═════ THE RECORDS ═════
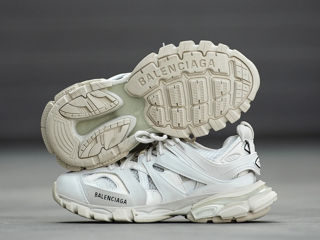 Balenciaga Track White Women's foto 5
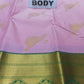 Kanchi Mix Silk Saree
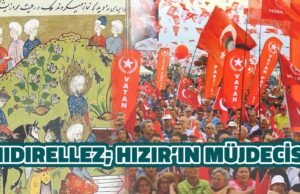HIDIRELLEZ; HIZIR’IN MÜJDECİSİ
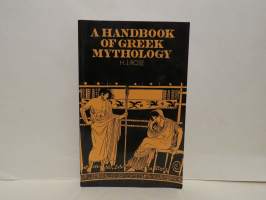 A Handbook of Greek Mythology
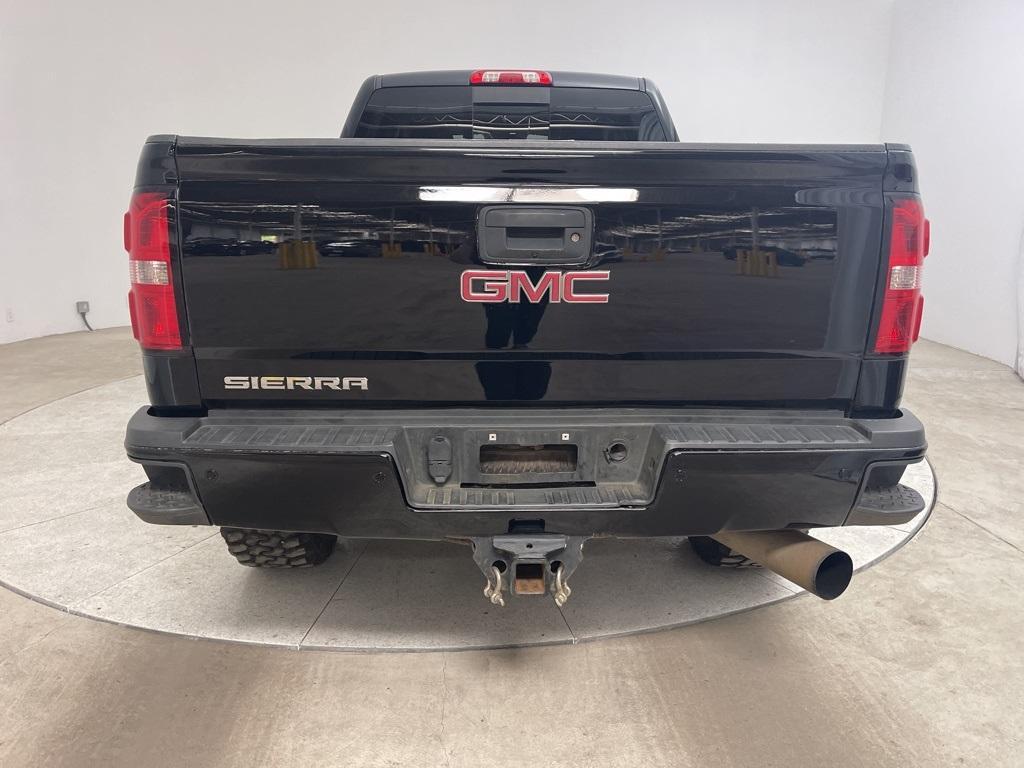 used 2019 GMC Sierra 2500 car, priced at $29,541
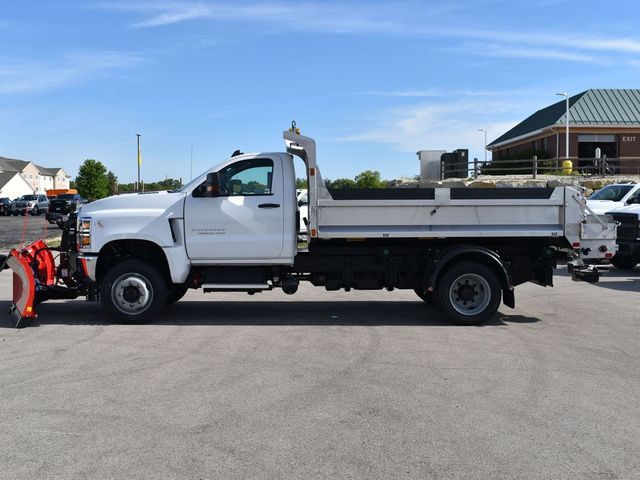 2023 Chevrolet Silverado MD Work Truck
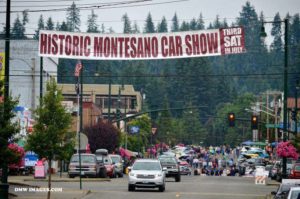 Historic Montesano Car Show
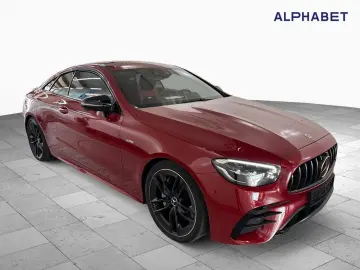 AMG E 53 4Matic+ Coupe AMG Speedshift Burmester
═════
• [TASK REQUIREMENTS]
An exact transcript is required, covering the lines from the one containing "A Handbook of Greek Mythology" through the end of the listing above, inclusive, without pictures.

• [TASK ANSWER]
 A Handbook of Greek Mythology
 used 2019 GMC Sierra 2500 car, priced at $29,541
 2023 Chevrolet Silverado MD Work Truck
 Historic Montesano Car Show
 AMG E 53 4Matic+ Coupe AMG Speedshift Burmester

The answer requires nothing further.